DIVISION ONE ATHLETICS

In addition to using criteria outside the prioritization process to determine the importance of the athletics to the university, Dr. Kazee’s recommendations regarding the athletics program belie the severe impact that the athletics program has on the university budget.  The prioritization process itself only focused on the operational budget of the athletics programs without regard to the $4.5 million in athletics scholarship offered (these costs were absorbed by academic programs in which student-athletes studied).  While praising the efforts of the student-athletes and their coaches, the administrative programs committee highlighted that “strong evidence was provided in the athletic prioritization reports that maintaining the status quo is not a viable option for the University”(6).  The Administrative Program Prioritization Committee clearly stated: “The committee’s concern is not with individual sport programs, but rather with the overall level of financial commitment needed to support NCAA Division 1 athletics. During the past three years, annual expenses exceeded revenues by an average of 1.9 million dollars, excluding scholarships (prioritization reports). It is clear that the University needs to act now and pursue one of two courses of action; 1) commit the additional resources requested to provide the staff, travel budgets, and facilities necessary to sustainably compete at the NCAA Division 1 level, or 2) reorganize the athletic program to substantially reduce the University’s commitment of financial resources, which may include movement to NCAA Division 3” (6).  In response, Dr. Kazee ignored the committee’s recommendations and proposed a reduction in “spending on intercollegiate athletics from the operating budget of the University by a percentage commensurate with prioritization reductions taken in other areas”. Why are reductions commensurate when spending is not commensurate?  Additionally, he authorized the athletics department to engage in much more extensive fundraising to make up for budget short falls without reigning in actual spending.  These are in clear contradiction to the administrative program prioritization committee’s recommendations.  In both cases of spending restraint and of consideration of alternatives to the current burdensome athletics program, Dr. Kazee ignored the committee and failed to “embrace a culture of evidence.”

LEADERSHIP

The faculty attending the May 14th meeting also indicated a deep and abiding concern about the vision and leadership of our senior administration.  While the president’s recommendations highlighted aspirations of increased enrollment and revenues, a distinct lack of details undermined the foundations for hope in such increases.  The university community has been offered rosy projections in the recent past only to be deeply disappointed by the returns on those investments.  The senior administrators’ responses to the Academic and Administrative Program Prioritization Committee recommendations reveal a distinct lack of a responsibility for the current need for budgetary cuts.  Indeed, the current financial crisis results from the failure of the institution’s leaders holding the fiduciary responsibilities to:

a.       devise a plan to make the institution less tuition-driven for its operating budget

b.      devise and execute a recruitment plan that will ensure increased enrollments and income

c.       devise and execute a development plan that will enhance significantly the endowment

d.      devise and execute a financial plan that will eliminate any contributions from the general fund to non-academic “peripheral” programs, such as Athletics and the Institute for Global Enterprise.

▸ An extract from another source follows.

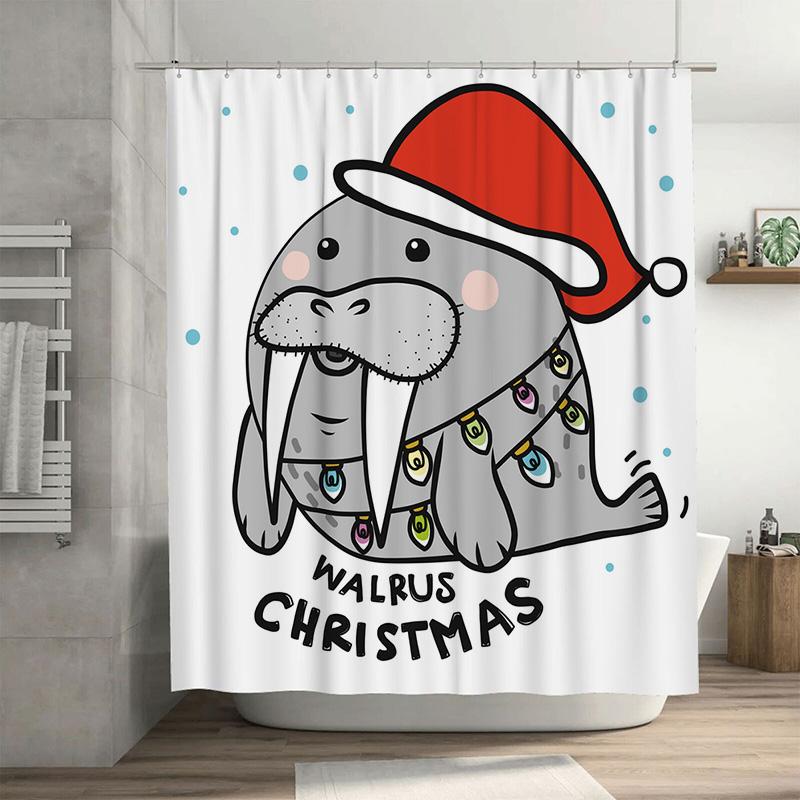 

Tu Christmas Walrus Shower Curtain Festive Holiday Ocean Animal Bathroom Decor Waterproof Cute Marine Life Coastal Vibes Home De W60H190(CM)-1 Pcs
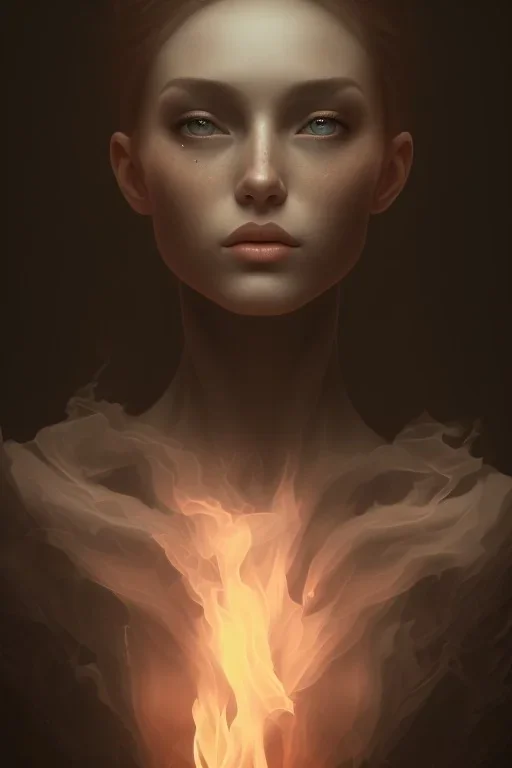 Dark moody night atmosphere, Fire theme art, Portrait of a woman by Michelangelo, 8K, close-up face, anatomically perfect face,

e.      devise and execute a financial plan that will guarantee the institution’s ability to borrow at the best possible rate

f.        devise and execute a marketing plan that will advertise nationally the remarkable academic work taking place on this campus 

The two Program Prioritization Committees outlined key areas for immediate reforms, administrative changes, or outright cuts that the senior administration failed to engage in any significant manner.  The Faculty Senate urges the Board of Trustees to review those reports directly without reference to Dr. Kazee’s response, but the below evidence offers but a portion of their recommendations.

ENROLLMENT 

Since the university is so dependent on enrollment, it was expected that strategies to increase enrollment would be included in the president’s recommendations. The Academic Program Prioritization Committee provided a recommendation for an Enrollment task force “charged with developing innovations in recruitment and retention”. In addition, the Administrative Program Prioritization Committee provided recommendations for technology upgrades and staffing levels in Enrollment Services. Faculty suggestions for enrollment enhancement include an ad hoc committee including faculty members who have demonstrated best practices for successful recruitment to increase the student population at the university.  

Additionally, the Administrative Program Prioritization Committee provided recommendations for facility enhancements that may move toward a “significant enhancement in recruitment and retention”. However, the president’s recommendations did not address enrollment enhancements in any detail. 

OFFICE OF MARKETING

Dr. Kazee has mentioned many times over the years during faculty meetings that UE fails to tell its story. Therefore, it was surprising that no strategies were included to address the concerns in the administrative prioritization report regarding the Office of Marketing.  The Administrative Program Prioritization Committee made several recommendations regarding Marketing including decentralization of the process to better allow programs to tell their own stories and widen the appeal of the institution.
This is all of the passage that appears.